There are 8,760 hours in a year, and a 40-hour workweek gives you 2,080 hours per year per engineer. Even before we take into account time off, we’re looking at 4.2 full time employees to cover those 8,760 hours. Adding in time off adds more than 13% to your staffing needs, by my very rough calculation:
4 weeks vacation = 160 hours
5 days sick time = 40 hours
10 holidays = 80 hours
280 hours time off / 2080 hours total = ~13.5%
4.2 * 113.5% = 4.8
So that 4.2 people has already become 4.8 to account for time off. Of course you can lower that number by expecting more than 40 hours/week of work, but that will run you headlong into burnout sooner rather than later.
And of course time off isn’t the only thing that will drive that number higher. Consider:
People aren’t going to perfectly coordinate their time off. People will want to take vacations around the same time in the summer and winter. People will get sick in clumps. Most of the team will be taking holidays off, and so on. This number is an absolute lower bound, not a practical staffing suggestion.
There is no flex with this minimum team size: there will be one (or zero) people available at any given time to work, which leaves no room for ticket surges or other high-volume support incidents.
If you’re hiring exclusively in one country, that gives you only a few time zones to work with (depending on which country we’re talking about.
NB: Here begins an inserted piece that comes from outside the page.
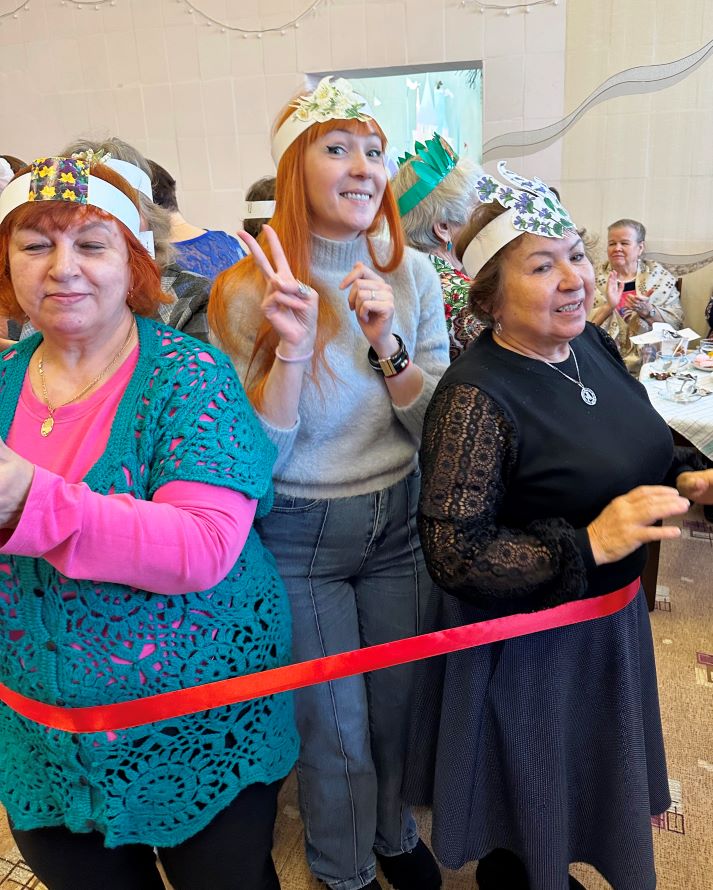 Группа женщин, на головах которых ободки с изображением цветов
I’ll assume the US). Are you going to pay extra for folks to work outside their normal hours, or hire outside the country? Each comes with its own headaches.
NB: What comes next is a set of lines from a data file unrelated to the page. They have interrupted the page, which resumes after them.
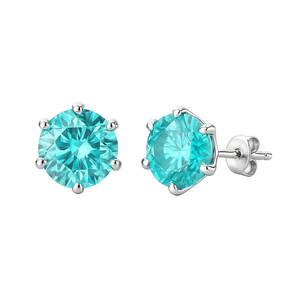 Silver stud earrings featuring round, turquoise blue gemstones secured by prongs.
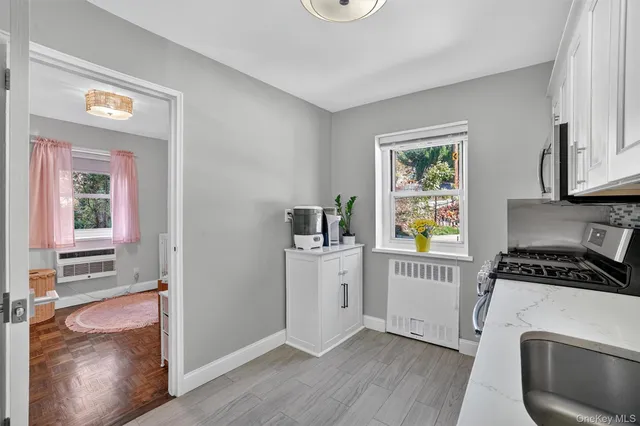 a kitchen with a refrigerator a stove a microwave and wooden floor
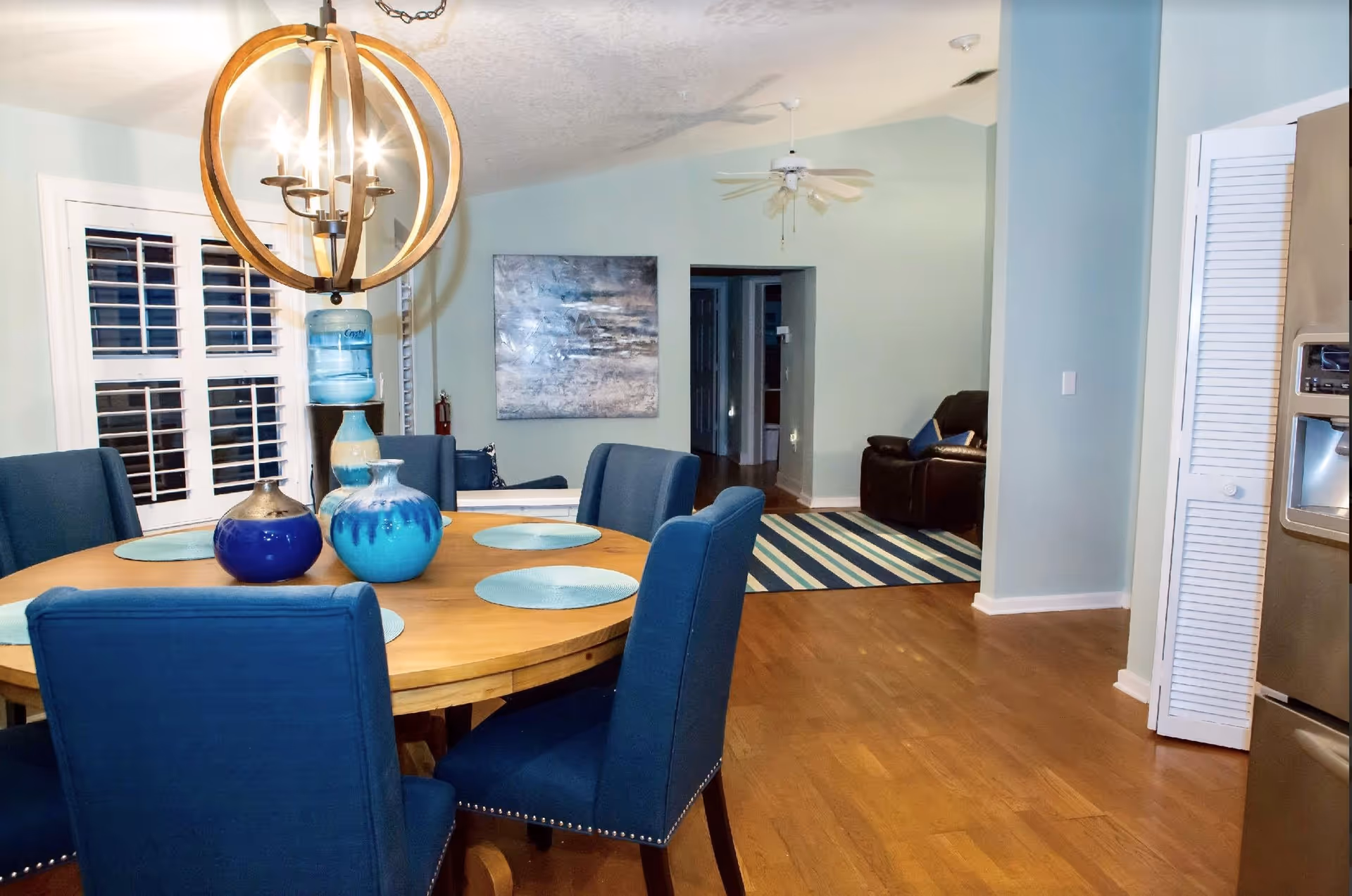 Interior view of a dining area with a round wooden table surrounded by six blue upholstered chairs. The table is set with blue placemats and decorative blue vases. A modern chandelier with exposed bulbs hangs above the table. In the background, there is a living area with a striped rug, a dark leather armchair, a ceiling fan, and a large abstract painting on a light blue wall. Hardwood flooring runs throughout the space.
The larger the team, the more need for coordination and management. As a rule of thumb, you’ll need one manager for every eight or so employees, which means at least 4-5 managers (and a full team owner, who might be one of those four or another person entirely).
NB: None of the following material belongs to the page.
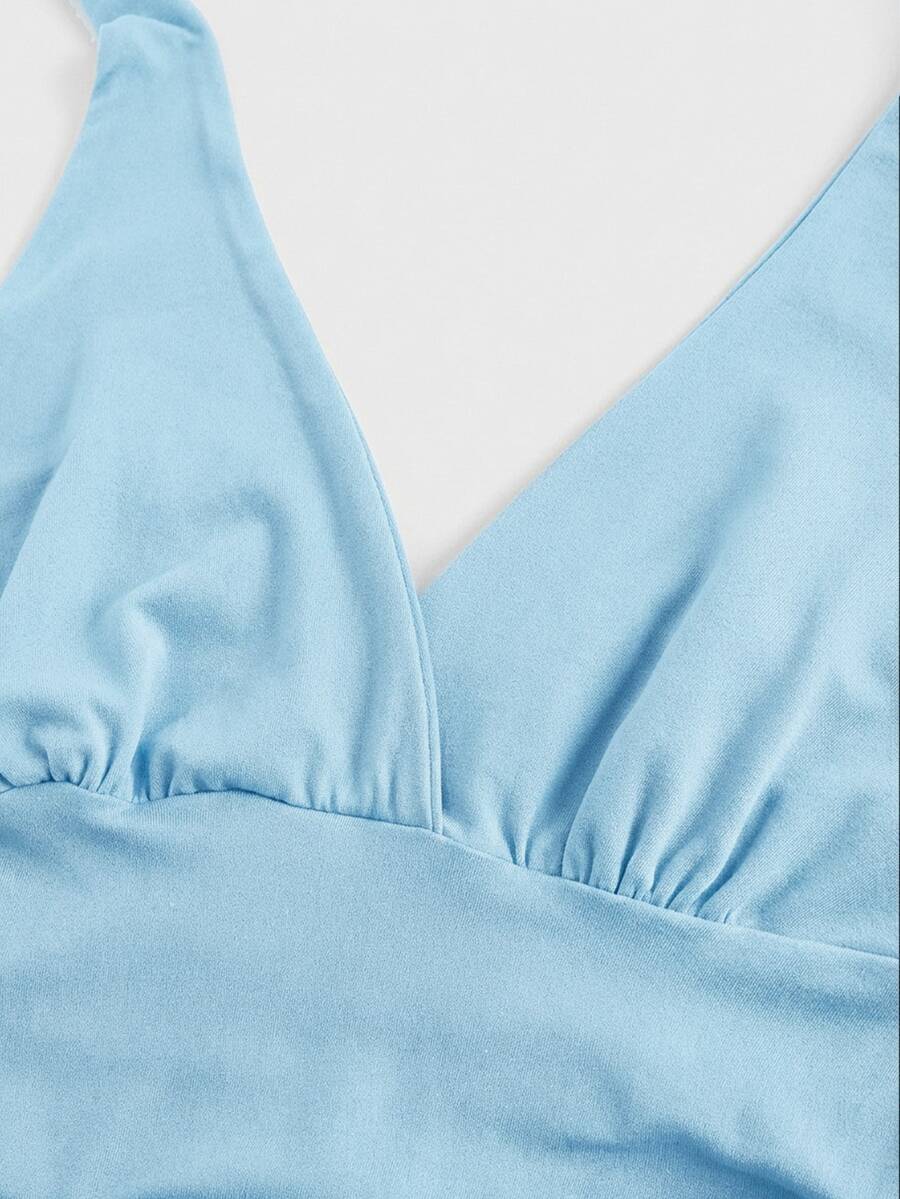 Women's halter crop tank top featuring a backless silhouette and ruched detailing in a slim fit design.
A larger discussion of this will have to wait for another time, but these numbers are assuming that your engineers are working on support issues for their entire work day, every day. If at all possible you’ll want to introduce some variety to the day-to-day, which directly translates into fewer hours on front-line support duty. If you’re dropping the on-duty time to 4-6 hours, add another 50-100% to the above staffing numbers to account for that.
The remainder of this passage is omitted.